From the data that follows, set down exactly the lines from the one with "WPC Panel Επένδυσης" through the one with "Android application Friends Bot screenshort", counting both. Pictures stay out.

DATA TO USE below:

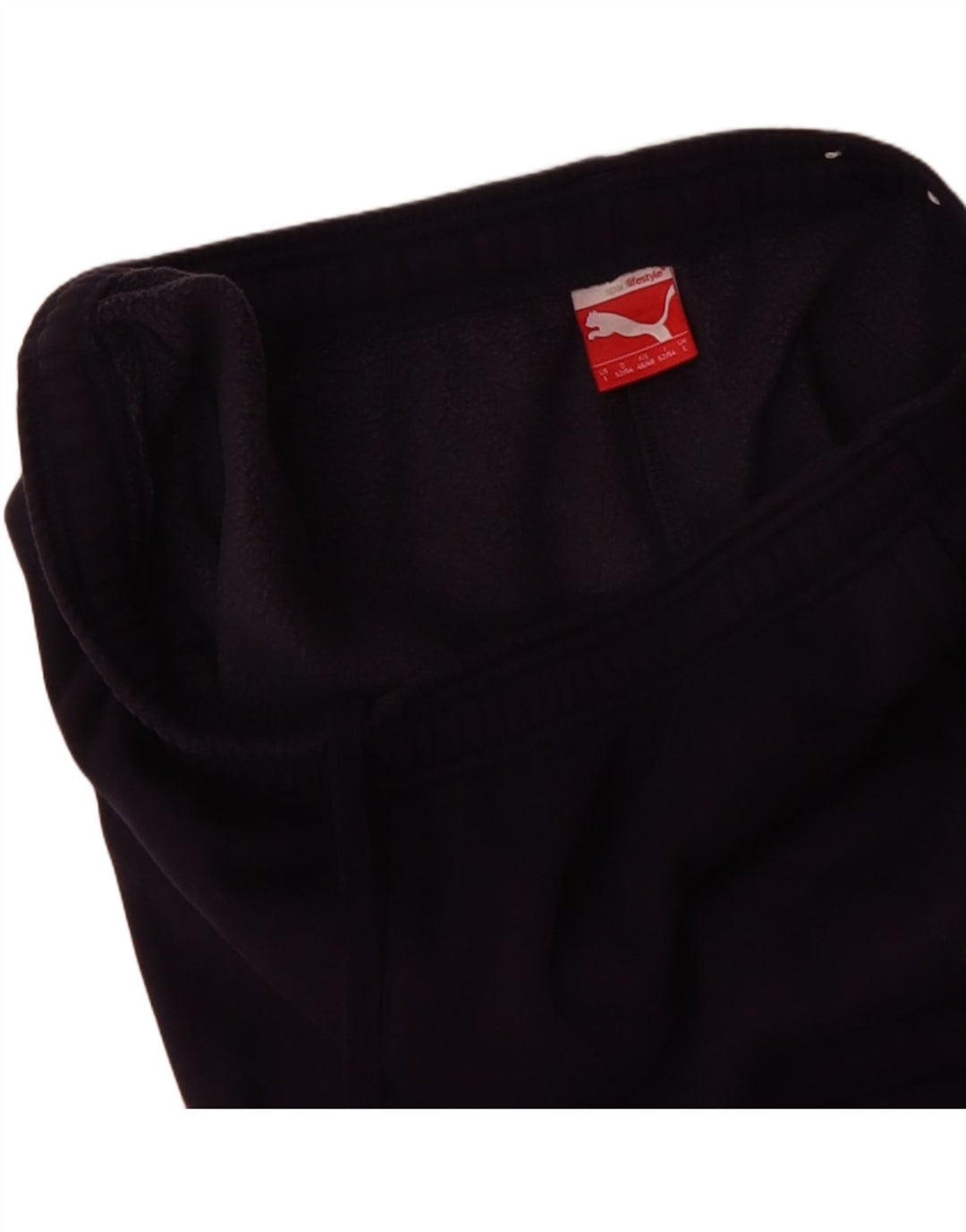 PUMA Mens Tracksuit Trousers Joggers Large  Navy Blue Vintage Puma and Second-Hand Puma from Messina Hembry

End of DATA TO USE.
DATA TO USE below:

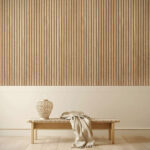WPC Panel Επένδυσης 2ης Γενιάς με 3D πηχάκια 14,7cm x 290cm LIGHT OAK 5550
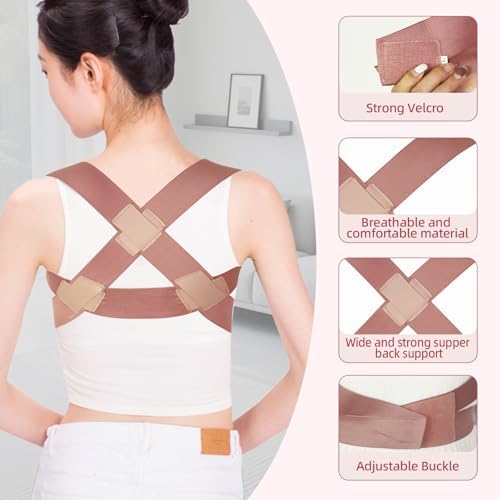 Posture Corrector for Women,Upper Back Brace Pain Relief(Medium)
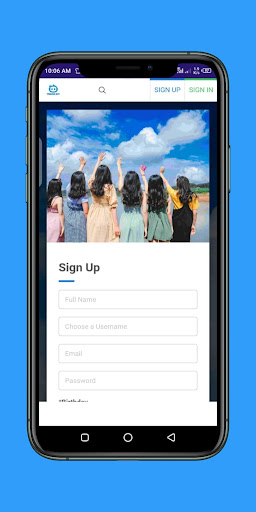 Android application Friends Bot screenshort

End of DATA TO USE.
DATA TO USE below:

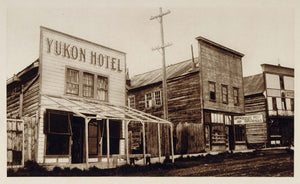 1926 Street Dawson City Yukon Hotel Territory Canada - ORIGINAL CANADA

End of DATA TO USE.

■ SOLVED EXERCISE
WPC Panel Επένδυσης 2ης Γενιάς με 3D πηχάκια 14,7cm x 290cm LIGHT OAK 5550
 Posture Corrector for Women,Upper Back Brace Pain Relief(Medium)
 Android application Friends Bot screenshort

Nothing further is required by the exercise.